ASSIGNMENT:
Only the lines from the one containing "10 piezas de" through the one containing "Translation missing: pt-PT.Babero" should be printed, exactly as they appear below, with both ends included.

SUPPLIED RECORDS:
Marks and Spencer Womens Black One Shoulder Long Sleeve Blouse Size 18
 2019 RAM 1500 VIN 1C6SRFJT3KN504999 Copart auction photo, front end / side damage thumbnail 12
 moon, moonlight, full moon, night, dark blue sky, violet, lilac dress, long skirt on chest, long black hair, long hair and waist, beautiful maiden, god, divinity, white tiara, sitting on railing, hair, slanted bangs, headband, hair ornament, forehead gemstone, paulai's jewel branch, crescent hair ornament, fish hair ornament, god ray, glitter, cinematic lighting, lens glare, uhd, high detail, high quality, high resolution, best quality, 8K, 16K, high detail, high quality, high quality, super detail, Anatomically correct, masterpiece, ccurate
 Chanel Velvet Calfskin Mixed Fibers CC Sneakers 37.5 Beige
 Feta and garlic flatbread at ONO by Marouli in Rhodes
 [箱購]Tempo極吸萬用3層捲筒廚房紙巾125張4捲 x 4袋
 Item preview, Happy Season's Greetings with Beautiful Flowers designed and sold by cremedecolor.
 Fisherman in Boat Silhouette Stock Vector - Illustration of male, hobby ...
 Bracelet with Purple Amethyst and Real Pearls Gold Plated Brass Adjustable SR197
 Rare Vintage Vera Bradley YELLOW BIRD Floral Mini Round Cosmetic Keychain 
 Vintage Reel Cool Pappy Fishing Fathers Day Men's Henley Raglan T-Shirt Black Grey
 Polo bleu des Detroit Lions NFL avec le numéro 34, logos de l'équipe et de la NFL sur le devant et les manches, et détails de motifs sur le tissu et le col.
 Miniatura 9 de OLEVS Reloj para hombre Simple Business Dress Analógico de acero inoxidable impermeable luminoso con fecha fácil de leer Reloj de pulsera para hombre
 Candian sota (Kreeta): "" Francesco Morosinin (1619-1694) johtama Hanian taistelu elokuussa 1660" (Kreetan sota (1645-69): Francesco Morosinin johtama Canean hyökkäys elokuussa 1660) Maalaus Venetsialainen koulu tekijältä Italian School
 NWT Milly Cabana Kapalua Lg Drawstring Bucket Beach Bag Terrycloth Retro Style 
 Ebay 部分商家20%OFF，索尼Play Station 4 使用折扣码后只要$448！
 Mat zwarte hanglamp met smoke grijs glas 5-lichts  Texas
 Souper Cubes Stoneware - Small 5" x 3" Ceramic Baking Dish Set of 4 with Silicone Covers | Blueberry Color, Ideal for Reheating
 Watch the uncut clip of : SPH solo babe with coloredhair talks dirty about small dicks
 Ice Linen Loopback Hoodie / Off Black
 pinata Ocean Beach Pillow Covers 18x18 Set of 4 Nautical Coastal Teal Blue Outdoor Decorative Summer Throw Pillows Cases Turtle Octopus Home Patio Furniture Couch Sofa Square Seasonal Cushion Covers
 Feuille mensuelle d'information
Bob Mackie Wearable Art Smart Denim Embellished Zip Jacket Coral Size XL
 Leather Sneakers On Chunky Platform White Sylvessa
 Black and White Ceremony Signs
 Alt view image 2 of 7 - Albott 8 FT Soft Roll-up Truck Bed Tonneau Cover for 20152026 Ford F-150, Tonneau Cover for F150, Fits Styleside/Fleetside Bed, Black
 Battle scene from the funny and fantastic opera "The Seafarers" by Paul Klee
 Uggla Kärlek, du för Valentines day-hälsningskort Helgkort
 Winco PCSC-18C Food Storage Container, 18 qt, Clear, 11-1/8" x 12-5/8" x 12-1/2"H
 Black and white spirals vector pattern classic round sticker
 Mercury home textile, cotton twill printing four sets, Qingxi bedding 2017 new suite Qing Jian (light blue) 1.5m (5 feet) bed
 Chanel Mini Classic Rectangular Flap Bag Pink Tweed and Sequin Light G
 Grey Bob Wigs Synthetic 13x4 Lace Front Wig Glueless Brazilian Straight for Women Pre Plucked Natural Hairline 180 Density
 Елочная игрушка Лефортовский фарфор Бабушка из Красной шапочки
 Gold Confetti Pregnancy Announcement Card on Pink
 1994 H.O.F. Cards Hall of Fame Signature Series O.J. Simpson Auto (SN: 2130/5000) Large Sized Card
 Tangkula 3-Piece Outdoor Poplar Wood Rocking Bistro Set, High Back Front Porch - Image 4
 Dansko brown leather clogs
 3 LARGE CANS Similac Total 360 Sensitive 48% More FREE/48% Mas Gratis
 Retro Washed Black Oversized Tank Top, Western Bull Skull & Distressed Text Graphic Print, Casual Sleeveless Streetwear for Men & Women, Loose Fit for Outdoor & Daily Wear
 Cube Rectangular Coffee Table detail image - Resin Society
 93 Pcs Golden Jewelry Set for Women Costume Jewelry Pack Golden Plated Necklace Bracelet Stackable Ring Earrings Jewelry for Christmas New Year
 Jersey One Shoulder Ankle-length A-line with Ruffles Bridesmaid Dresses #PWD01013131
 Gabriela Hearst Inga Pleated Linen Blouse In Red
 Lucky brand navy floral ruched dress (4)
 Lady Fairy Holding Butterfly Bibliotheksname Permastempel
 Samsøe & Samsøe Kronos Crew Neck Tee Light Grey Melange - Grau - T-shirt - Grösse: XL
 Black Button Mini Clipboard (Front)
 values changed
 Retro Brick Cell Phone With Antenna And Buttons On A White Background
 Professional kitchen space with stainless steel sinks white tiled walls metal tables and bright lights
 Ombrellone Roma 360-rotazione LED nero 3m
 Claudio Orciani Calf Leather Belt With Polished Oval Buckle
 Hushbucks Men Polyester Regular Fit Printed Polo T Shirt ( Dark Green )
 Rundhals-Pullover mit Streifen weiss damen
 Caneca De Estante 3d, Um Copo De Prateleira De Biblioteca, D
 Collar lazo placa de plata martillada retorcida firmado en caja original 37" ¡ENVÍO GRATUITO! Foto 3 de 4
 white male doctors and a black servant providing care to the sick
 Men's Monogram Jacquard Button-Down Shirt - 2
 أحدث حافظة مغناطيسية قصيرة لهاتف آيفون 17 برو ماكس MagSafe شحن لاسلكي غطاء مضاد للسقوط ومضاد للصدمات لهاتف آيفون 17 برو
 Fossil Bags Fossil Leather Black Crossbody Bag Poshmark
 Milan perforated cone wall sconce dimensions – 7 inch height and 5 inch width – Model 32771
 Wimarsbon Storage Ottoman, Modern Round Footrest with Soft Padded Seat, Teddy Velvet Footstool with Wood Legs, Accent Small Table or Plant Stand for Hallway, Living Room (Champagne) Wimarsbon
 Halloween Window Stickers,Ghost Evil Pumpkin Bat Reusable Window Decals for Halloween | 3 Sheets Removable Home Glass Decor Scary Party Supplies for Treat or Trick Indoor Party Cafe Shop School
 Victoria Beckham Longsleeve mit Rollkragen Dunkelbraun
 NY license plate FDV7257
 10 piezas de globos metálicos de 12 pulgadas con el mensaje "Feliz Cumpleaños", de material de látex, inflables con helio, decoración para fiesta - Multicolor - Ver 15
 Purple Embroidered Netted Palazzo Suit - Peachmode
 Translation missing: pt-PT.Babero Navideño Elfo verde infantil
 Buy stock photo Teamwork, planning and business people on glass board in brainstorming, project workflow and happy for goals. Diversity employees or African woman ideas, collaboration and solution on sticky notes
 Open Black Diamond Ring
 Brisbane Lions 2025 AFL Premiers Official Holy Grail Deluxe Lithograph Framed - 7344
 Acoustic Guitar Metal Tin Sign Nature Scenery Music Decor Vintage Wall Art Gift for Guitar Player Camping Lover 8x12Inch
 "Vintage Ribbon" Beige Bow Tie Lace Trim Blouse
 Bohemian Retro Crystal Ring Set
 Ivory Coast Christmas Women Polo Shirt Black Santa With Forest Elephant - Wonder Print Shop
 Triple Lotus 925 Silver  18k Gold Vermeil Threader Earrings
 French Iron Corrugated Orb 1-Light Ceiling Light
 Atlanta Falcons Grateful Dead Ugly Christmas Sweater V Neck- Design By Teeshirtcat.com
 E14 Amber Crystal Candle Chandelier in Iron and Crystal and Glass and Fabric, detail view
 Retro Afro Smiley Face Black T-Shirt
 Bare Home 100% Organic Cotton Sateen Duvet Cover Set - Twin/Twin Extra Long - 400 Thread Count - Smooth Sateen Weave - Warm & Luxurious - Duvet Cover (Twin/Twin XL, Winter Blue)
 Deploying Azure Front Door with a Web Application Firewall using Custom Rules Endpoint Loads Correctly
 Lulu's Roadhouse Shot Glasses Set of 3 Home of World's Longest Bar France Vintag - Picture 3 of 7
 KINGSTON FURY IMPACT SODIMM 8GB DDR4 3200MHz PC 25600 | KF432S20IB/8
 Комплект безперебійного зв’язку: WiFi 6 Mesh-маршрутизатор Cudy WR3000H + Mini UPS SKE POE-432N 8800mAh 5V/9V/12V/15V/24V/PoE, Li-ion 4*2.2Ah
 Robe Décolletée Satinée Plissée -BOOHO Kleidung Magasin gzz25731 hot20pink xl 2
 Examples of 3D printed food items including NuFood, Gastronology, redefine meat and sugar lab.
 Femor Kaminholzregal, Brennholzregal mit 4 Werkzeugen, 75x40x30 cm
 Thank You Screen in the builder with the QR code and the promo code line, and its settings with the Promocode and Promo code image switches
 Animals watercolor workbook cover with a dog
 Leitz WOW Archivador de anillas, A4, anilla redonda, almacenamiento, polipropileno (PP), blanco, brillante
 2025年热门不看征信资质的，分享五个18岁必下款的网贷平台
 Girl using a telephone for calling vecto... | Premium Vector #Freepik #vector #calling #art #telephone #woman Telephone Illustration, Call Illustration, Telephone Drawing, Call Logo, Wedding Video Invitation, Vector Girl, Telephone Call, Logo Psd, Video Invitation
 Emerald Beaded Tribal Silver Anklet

EXPECTED ANSWER:
 10 piezas de globos metálicos de 12 pulgadas con el mensaje "Feliz Cumpleaños", de material de látex, inflables con helio, decoración para fiesta - Multicolor - Ver 15
 Purple Embroidered Netted Palazzo Suit - Peachmode
 Translation missing: pt-PT.Babero Navideño Elfo verde infantil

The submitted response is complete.